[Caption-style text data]
■ ■ ■ ■ ■ ■ ■
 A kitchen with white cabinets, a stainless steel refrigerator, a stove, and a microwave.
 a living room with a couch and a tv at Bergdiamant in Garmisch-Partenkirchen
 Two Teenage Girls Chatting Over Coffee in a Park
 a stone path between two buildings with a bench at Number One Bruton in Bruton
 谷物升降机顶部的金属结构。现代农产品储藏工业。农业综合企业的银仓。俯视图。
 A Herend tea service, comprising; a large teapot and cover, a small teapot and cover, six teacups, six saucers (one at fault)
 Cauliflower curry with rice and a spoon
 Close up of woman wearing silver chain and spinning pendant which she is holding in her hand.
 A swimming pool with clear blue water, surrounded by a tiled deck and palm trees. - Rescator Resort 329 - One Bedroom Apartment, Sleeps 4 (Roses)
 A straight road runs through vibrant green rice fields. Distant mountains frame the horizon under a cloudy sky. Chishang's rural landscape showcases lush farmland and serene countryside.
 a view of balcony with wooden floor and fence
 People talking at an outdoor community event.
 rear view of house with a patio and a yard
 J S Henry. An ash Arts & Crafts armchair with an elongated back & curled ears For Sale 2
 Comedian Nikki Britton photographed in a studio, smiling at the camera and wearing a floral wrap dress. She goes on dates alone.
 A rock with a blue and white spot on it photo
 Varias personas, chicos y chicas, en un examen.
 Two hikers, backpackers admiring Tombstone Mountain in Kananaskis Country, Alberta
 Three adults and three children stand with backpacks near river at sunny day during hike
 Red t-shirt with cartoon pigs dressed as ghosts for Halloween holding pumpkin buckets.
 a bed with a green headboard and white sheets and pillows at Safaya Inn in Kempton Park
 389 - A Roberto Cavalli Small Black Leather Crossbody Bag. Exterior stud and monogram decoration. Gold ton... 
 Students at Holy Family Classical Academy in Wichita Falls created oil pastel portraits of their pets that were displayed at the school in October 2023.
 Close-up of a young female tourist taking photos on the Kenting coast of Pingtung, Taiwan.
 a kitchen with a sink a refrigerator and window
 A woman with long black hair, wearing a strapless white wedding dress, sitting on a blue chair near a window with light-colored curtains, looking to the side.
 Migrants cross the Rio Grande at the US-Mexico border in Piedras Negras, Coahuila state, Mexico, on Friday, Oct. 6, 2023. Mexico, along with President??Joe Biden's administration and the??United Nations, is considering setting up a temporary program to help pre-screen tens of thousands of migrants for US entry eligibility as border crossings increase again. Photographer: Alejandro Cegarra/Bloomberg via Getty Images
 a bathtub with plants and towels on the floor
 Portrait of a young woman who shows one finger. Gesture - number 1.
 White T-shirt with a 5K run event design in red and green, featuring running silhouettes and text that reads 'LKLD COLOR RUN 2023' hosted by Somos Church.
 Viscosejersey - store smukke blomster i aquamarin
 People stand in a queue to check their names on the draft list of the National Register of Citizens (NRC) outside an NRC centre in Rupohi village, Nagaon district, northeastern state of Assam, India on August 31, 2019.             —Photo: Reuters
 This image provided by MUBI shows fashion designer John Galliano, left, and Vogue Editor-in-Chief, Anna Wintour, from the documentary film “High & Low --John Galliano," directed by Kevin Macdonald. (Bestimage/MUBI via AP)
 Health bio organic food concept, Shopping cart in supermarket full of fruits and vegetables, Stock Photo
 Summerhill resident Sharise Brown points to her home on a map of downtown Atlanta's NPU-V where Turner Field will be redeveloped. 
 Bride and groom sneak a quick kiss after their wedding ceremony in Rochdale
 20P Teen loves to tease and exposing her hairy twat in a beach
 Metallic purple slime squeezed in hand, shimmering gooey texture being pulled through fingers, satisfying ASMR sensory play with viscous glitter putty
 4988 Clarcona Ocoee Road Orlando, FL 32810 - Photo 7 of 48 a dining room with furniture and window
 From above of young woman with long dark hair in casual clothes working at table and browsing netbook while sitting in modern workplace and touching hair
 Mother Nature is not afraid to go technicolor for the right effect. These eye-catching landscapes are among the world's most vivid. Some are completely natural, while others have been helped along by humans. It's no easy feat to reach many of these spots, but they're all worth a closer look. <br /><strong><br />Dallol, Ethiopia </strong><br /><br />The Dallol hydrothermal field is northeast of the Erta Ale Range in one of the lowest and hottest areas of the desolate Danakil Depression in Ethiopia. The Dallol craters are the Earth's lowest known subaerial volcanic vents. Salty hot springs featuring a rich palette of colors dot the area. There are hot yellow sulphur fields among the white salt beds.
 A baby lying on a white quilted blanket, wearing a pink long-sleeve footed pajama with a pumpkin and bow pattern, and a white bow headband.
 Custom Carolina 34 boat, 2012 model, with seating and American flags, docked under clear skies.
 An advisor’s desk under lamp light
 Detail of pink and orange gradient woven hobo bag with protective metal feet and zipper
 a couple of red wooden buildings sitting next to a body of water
■ ■ ■ ■ ■ ■ ■
(HOW TO COMPLETE THIS TASK): Repeat exactly, and only, the lines of the records above, starting with the line that contains "Custom Carolina 34" and ending with the final line, both included.

(EXERCISE RESPONSE):
 Custom Carolina 34 boat, 2012 model, with seating and American flags, docked under clear skies.
 An advisor’s desk under lamp light
 Detail of pink and orange gradient woven hobo bag with protective metal feet and zipper
 a couple of red wooden buildings sitting next to a body of water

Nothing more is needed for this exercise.